### [ABOUT THIS TASK]
Copy the data that follows, exactly and completely.

------------------------------------

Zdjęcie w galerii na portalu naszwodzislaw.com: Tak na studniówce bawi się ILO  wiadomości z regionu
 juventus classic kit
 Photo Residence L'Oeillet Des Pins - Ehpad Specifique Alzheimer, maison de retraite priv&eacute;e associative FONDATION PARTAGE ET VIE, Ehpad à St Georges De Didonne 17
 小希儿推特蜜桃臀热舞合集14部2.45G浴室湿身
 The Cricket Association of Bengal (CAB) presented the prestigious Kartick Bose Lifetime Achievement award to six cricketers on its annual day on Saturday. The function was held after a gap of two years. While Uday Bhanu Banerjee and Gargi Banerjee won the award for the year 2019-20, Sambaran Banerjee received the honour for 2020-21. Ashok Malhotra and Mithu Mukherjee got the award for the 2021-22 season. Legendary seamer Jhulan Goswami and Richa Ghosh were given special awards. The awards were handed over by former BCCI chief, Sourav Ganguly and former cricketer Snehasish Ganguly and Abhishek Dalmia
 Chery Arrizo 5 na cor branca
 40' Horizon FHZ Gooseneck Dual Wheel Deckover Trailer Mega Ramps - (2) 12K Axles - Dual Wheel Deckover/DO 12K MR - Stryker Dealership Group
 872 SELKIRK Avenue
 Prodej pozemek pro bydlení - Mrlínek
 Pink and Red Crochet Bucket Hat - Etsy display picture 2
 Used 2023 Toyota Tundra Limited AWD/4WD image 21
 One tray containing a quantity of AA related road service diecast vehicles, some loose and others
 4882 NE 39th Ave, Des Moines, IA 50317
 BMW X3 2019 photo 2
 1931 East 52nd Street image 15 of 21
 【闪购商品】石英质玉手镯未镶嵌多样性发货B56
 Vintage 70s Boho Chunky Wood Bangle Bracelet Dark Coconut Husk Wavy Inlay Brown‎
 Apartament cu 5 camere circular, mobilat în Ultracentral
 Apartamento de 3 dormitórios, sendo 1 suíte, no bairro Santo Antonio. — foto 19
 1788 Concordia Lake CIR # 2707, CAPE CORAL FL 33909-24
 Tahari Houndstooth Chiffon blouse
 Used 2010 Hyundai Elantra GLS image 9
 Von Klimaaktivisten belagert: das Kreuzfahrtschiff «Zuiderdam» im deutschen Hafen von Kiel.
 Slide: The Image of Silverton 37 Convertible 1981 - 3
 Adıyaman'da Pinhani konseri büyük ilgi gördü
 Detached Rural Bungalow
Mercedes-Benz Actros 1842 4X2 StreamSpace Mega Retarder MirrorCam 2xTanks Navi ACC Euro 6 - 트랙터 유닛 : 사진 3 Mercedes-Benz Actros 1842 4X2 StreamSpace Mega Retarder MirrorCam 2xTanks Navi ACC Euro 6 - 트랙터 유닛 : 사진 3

------------------------------------

### [TASK OUTPUT]
Zdjęcie w galerii na portalu naszwodzislaw.com: Tak na studniówce bawi się ILO  wiadomości z regionu
 juventus classic kit
 Photo Residence L'Oeillet Des Pins - Ehpad Specifique Alzheimer, maison de retraite priv&eacute;e associative FONDATION PARTAGE ET VIE, Ehpad à St Georges De Didonne 17
 小希儿推特蜜桃臀热舞合集14部2.45G浴室湿身
 The Cricket Association of Bengal (CAB) presented the prestigious Kartick Bose Lifetime Achievement award to six cricketers on its annual day on Saturday. The function was held after a gap of two years. While Uday Bhanu Banerjee and Gargi Banerjee won the award for the year 2019-20, Sambaran Banerjee received the honour for 2020-21. Ashok Malhotra and Mithu Mukherjee got the award for the 2021-22 season. Legendary seamer Jhulan Goswami and Richa Ghosh were given special awards. The awards were handed over by former BCCI chief, Sourav Ganguly and former cricketer Snehasish Ganguly and Abhishek Dalmia
 Chery Arrizo 5 na cor branca
 40' Horizon FHZ Gooseneck Dual Wheel Deckover Trailer Mega Ramps - (2) 12K Axles - Dual Wheel Deckover/DO 12K MR - Stryker Dealership Group
 872 SELKIRK Avenue
 Prodej pozemek pro bydlení - Mrlínek
 Pink and Red Crochet Bucket Hat - Etsy display picture 2
 Used 2023 Toyota Tundra Limited AWD/4WD image 21
 One tray containing a quantity of AA related road service diecast vehicles, some loose and others
 4882 NE 39th Ave, Des Moines, IA 50317
 BMW X3 2019 photo 2
 1931 East 52nd Street image 15 of 21
 【闪购商品】石英质玉手镯未镶嵌多样性发货B56
 Vintage 70s Boho Chunky Wood Bangle Bracelet Dark Coconut Husk Wavy Inlay Brown‎
 Apartament cu 5 camere circular, mobilat în Ultracentral
 Apartamento de 3 dormitórios, sendo 1 suíte, no bairro Santo Antonio. — foto 19
 1788 Concordia Lake CIR # 2707, CAPE CORAL FL 33909-24
 Tahari Houndstooth Chiffon blouse
 Used 2010 Hyundai Elantra GLS image 9
 Von Klimaaktivisten belagert: das Kreuzfahrtschiff «Zuiderdam» im deutschen Hafen von Kiel.
 Slide: The Image of Silverton 37 Convertible 1981 - 3
 Adıyaman'da Pinhani konseri büyük ilgi gördü
 Detached Rural Bungalow
Mercedes-Benz Actros 1842 4X2 StreamSpace Mega Retarder MirrorCam 2xTanks Navi ACC Euro 6 - 트랙터 유닛 : 사진 3 Mercedes-Benz Actros 1842 4X2 StreamSpace Mega Retarder MirrorCam 2xTanks Navi ACC Euro 6 - 트랙터 유닛 : 사진 3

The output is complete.